▸ Your objective: Exactly transcribe the span of lines from the one containing "DIETA CETOGÉNICA: TU" through the final line of the entries, inclusive, and nothing outside it. Exclude the pictures.

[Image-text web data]

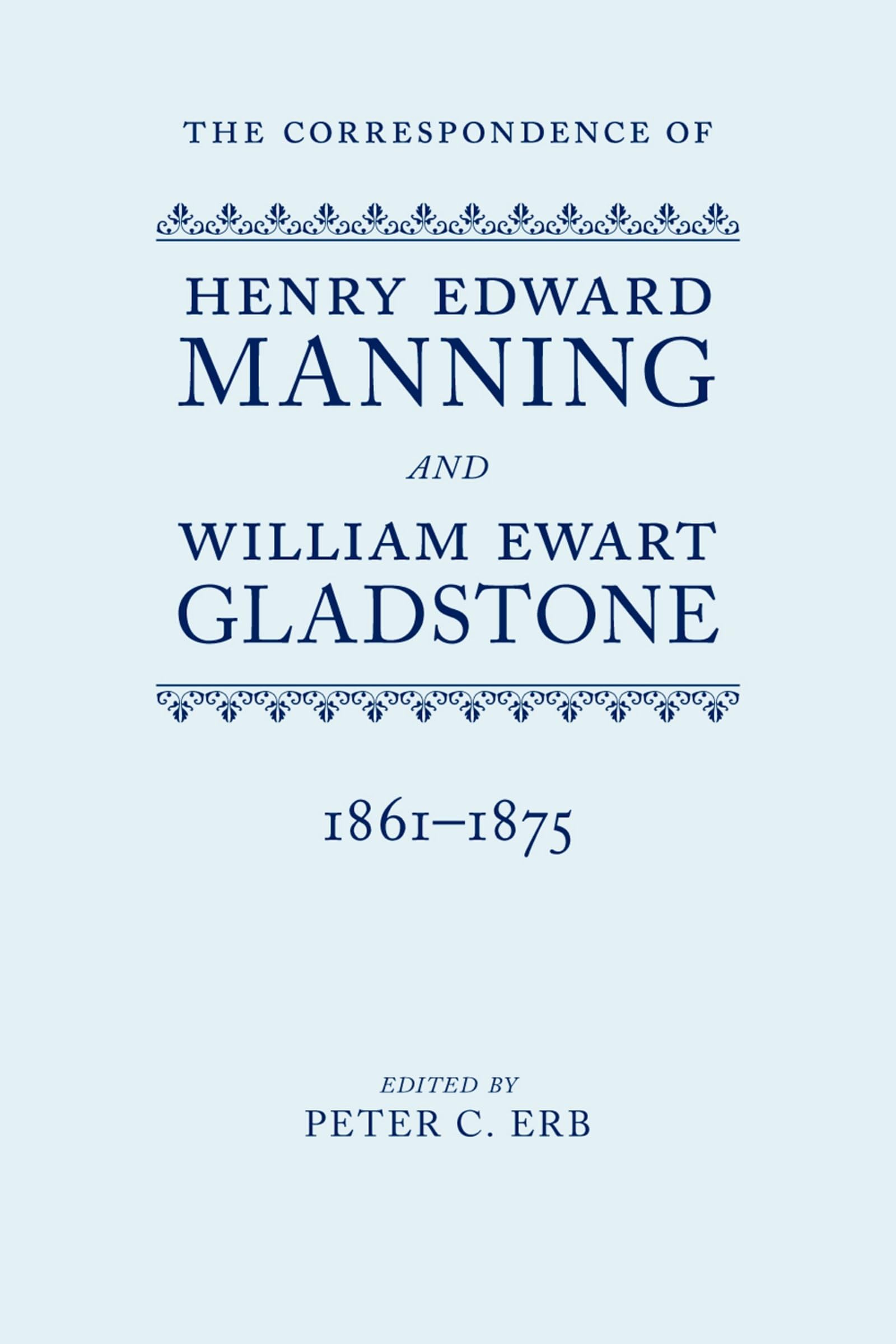 The Correspondence of Henry Edward Manning and William Ewart Gladstone: The Complete Correspondence 18611875,Used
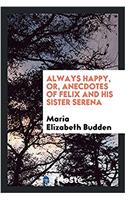 Always Happy, Or, Anecdotes of Felix and His Sister Serena
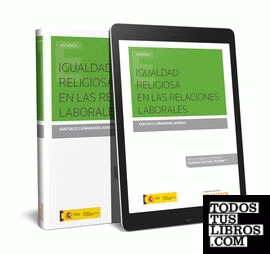 Igualdad religiosa en las relaciones laborales (Papel + e-book)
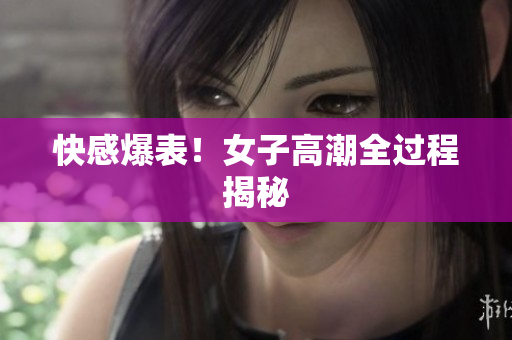 快感爆表！女子高潮全过程揭秘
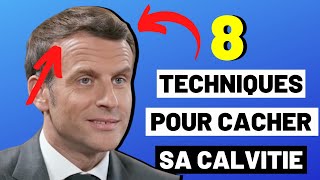 8 Techniques de PRO pour Cacher une Calvitie (Macron a sa technique 😏)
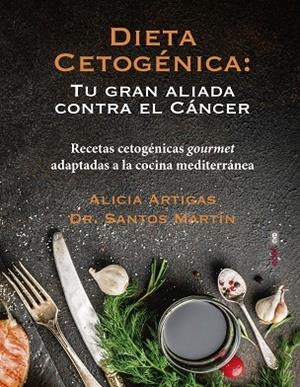 DIETA CETOGÉNICA: TU GRAN ALIADA CONTRA EL CÁNCER | 9788441439429 | ARTIGAS, ALICIA/MARTÍN, SANTOS | Llibreria L'Odissea - Libreria Online de Vilafranca del Penedès - Comprar libros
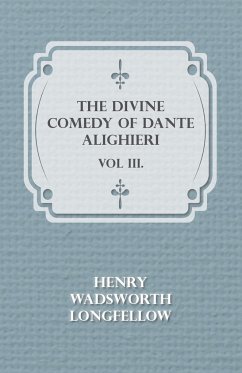 The Divine Comedy of Dante Alighieri - Vol III. - Longfellow, Henry Wadsworth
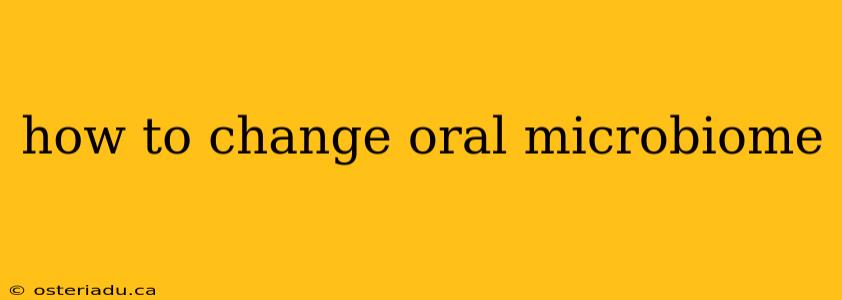 how to change oral microbiome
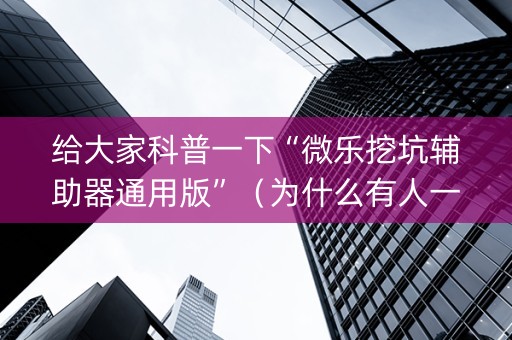 给大家科普一下“微乐挖坑辅助器通用版”（为什么有人一直赢)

▸ Answer to the problem:
 DIETA CETOGÉNICA: TU GRAN ALIADA CONTRA EL CÁNCER | 9788441439429 | ARTIGAS, ALICIA/MARTÍN, SANTOS | Llibreria L'Odissea - Libreria Online de Vilafranca del Penedès - Comprar libros
 The Divine Comedy of Dante Alighieri - Vol III. - Longfellow, Henry Wadsworth
 how to change oral microbiome
 给大家科普一下“微乐挖坑辅助器通用版”（为什么有人一直赢)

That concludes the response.